Conventional publishers and their authors wonder how they’ll survive as industries converge and users generate. Working with if:book I’m keen to look hard at different means to bring quality writing – and in particular fiction – to new audiences, so that writers can afford to eat and readers can savour genuinely compelling writing on-line.
When I’ve told colleagues about my move from Booktrust to exploring the future of the book, I’ve had howls of outrage and alarm from some unexpected sources. People who spend their days at a computer and evenings watching TV screens are horrified that I might be out to deprive them of the pleasure of their paperbacks. Readers cling on tight to their tomes as if literature and stationary were inseparable; meanwhile the digital world has stretched the definition of book to include laptops and social networks. So in the era of MacBooks and FaceBook, what does the (paper)book represent to people? It’s a constant in the flux of change; something worth concentrating on and keeping afterwards. Of course plenty of fiction and non-fiction published is transient crap, but research shows that people find it hard to throw away a piece of print if it’s perfect bound.

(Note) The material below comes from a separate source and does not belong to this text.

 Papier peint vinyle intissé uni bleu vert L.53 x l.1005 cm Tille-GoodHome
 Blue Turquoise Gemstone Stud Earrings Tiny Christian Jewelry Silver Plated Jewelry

So a future book should be using all the opportunities that new media affords, but without breathlessness. The kind of pointless interactivity that the BBC’s Jeremy Paxman complained about at this year’s Edinburgh TV Festival really isn’t good enough. Whether we consume it via an e-reader, a mobile, laptop or a document printed on demand, a future book will need to be worth sticking with, the product of some serious thought and time, a carefully constructed whole. It will be rendered using the extended palette of multimedia possibilities open to makers, may be a team effort or the work of a solo author, may incorporate space for reader response and links to other sites, may use a range of delivery methods, be porous and evolving, but if it doesn’t have the integrity and quality we expect from literature then something far more important than the nostalgic musty smell of old paperbacks will have been lost.
Where do literature and stories fit in our lives? That’s the question I’ve always been most interested in. The answer changes all the time, and that’s why the work of the Institute for the Future of the Book seems to me so important.